WHAT TO WORK ON ::
Write down exactly the lines of the listing below, beginning with the one containing "this 700×500 image." and closing with the final line.

PROVIDED MATERIAL ::
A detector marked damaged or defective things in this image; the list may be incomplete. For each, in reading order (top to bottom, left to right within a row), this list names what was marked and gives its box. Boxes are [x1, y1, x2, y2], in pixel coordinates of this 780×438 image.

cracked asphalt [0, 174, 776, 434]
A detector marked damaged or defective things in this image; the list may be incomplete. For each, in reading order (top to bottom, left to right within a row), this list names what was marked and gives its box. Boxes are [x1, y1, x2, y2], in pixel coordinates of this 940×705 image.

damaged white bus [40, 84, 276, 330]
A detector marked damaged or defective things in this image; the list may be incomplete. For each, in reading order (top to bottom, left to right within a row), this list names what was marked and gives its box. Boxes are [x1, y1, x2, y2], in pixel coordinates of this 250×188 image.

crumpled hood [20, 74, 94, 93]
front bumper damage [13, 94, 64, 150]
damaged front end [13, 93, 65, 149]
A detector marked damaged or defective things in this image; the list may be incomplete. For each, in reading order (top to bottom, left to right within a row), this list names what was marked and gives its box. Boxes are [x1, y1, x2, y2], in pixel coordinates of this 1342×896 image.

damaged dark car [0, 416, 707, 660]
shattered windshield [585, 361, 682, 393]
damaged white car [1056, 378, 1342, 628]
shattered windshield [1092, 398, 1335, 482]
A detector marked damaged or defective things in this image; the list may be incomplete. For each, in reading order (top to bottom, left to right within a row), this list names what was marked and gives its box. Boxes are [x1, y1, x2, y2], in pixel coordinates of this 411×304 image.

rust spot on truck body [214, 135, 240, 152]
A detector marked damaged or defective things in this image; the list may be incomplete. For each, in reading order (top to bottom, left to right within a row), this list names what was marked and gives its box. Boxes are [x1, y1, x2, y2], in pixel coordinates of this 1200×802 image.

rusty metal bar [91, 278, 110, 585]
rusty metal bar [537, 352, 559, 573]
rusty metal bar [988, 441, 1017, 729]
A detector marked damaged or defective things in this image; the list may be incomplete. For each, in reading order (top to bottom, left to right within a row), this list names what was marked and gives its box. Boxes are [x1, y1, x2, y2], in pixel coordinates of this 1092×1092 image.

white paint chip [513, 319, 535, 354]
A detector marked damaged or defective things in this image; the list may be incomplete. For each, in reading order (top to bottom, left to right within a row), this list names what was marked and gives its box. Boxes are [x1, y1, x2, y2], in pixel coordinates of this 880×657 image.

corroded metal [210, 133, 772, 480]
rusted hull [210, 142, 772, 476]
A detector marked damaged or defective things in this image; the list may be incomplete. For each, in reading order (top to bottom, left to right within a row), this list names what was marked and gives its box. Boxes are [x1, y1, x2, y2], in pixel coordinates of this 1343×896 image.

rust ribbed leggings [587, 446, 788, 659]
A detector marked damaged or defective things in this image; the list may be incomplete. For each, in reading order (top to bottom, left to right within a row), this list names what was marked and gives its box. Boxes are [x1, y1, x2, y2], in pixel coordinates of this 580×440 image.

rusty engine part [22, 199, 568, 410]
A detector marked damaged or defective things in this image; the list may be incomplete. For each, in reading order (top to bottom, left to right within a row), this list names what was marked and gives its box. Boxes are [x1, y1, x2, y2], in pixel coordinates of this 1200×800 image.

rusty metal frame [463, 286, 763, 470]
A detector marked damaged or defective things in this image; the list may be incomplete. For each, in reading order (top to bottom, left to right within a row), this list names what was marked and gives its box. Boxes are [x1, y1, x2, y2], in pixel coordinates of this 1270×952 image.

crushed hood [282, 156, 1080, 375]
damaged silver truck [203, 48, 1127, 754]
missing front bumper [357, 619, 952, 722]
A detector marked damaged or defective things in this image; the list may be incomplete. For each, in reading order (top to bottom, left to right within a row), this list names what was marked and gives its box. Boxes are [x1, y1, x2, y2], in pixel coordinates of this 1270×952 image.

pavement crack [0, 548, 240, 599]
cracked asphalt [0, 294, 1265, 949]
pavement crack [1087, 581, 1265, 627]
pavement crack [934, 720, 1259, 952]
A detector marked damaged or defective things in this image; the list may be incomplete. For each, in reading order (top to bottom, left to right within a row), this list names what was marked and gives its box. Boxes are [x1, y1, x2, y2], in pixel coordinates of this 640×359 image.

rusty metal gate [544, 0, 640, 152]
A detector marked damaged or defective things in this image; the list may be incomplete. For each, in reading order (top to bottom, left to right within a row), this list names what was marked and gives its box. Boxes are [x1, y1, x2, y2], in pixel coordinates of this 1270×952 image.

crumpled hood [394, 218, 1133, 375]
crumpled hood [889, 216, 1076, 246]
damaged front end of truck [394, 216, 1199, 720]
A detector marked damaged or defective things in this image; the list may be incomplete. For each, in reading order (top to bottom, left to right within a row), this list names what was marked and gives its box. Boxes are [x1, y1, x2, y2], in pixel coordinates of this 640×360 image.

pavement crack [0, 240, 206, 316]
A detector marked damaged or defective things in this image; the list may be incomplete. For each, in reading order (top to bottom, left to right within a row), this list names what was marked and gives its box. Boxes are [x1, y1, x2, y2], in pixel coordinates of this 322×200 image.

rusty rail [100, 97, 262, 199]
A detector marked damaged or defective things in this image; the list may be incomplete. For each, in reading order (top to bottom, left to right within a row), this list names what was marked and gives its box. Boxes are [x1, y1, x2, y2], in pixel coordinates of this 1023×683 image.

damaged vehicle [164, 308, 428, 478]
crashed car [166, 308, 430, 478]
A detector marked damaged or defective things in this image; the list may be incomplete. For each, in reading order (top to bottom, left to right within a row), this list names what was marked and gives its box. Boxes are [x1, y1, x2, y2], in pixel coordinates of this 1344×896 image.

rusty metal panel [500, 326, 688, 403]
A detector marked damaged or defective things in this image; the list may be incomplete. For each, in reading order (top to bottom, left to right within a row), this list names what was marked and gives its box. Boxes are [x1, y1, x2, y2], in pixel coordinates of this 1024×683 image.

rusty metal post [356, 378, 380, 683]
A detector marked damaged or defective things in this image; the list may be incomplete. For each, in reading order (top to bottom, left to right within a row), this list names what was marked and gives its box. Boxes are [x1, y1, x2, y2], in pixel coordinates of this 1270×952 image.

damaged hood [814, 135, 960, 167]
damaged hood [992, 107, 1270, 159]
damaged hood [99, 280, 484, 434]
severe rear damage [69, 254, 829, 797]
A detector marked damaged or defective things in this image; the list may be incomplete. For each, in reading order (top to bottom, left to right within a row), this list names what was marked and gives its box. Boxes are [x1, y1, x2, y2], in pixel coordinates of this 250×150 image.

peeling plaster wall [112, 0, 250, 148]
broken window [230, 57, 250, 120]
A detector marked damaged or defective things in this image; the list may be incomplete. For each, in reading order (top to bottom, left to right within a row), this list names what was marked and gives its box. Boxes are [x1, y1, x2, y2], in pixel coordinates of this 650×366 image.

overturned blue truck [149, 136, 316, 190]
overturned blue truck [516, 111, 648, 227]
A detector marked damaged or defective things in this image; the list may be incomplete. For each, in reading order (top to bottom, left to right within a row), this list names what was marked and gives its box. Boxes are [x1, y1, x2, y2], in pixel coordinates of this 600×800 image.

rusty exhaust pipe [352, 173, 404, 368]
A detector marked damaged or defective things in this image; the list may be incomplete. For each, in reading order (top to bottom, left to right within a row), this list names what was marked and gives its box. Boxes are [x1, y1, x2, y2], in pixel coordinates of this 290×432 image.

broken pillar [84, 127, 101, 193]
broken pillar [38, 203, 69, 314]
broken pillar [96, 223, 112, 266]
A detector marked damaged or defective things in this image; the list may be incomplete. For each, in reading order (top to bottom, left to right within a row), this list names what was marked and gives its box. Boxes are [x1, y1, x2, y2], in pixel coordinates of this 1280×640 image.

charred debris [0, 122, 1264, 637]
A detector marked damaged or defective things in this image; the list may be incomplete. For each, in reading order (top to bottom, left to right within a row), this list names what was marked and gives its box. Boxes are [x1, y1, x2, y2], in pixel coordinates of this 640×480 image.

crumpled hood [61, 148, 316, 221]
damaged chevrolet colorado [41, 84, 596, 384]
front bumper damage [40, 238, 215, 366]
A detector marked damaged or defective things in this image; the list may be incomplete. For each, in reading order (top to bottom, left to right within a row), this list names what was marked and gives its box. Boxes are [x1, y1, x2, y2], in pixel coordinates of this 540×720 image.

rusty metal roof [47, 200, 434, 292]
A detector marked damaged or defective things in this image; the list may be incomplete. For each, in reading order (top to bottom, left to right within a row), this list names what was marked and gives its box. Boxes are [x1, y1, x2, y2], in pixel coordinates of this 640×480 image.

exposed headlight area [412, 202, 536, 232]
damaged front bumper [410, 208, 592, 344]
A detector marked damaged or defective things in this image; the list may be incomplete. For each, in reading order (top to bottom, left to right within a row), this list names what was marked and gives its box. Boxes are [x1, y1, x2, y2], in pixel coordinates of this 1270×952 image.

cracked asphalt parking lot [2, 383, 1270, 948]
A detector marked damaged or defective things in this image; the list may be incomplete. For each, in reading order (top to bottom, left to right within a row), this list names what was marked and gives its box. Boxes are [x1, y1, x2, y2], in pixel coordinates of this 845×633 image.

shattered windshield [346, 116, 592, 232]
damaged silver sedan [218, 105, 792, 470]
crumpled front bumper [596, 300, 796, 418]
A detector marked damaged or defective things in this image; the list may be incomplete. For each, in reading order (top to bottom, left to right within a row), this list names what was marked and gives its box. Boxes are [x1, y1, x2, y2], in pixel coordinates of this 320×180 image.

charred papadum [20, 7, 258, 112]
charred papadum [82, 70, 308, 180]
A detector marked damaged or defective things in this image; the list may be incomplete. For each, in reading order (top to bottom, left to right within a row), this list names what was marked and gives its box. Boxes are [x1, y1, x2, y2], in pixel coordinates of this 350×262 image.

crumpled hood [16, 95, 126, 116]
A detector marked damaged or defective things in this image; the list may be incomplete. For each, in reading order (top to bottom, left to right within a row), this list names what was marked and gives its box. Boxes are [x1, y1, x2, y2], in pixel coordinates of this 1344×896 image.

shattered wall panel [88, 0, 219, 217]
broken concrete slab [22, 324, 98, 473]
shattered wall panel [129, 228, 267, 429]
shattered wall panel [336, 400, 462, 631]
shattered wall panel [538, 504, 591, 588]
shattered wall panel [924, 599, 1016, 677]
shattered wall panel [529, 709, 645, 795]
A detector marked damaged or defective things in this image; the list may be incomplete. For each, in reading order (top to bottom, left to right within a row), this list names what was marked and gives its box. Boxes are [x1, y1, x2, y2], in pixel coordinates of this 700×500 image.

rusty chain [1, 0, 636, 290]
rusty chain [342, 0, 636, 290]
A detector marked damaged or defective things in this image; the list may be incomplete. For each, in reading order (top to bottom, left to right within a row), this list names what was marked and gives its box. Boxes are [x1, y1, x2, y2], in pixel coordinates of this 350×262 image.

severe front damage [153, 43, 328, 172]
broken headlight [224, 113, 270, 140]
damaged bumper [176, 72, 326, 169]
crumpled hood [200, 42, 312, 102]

REPLY TO THE EXERCISE ::
A detector marked damaged or defective things in this image; the list may be incomplete. For each, in reading order (top to bottom, left to right within a row), this list names what was marked and gives its box. Boxes are [x1, y1, x2, y2], in pixel coordinates of this 700×500 image.

rusty chain [1, 0, 636, 290]
rusty chain [342, 0, 636, 290]
A detector marked damaged or defective things in this image; the list may be incomplete. For each, in reading order (top to bottom, left to right within a row), this list names what was marked and gives its box. Boxes are [x1, y1, x2, y2], in pixel coordinates of this 350×262 image.

severe front damage [153, 43, 328, 172]
broken headlight [224, 113, 270, 140]
damaged bumper [176, 72, 326, 169]
crumpled hood [200, 42, 312, 102]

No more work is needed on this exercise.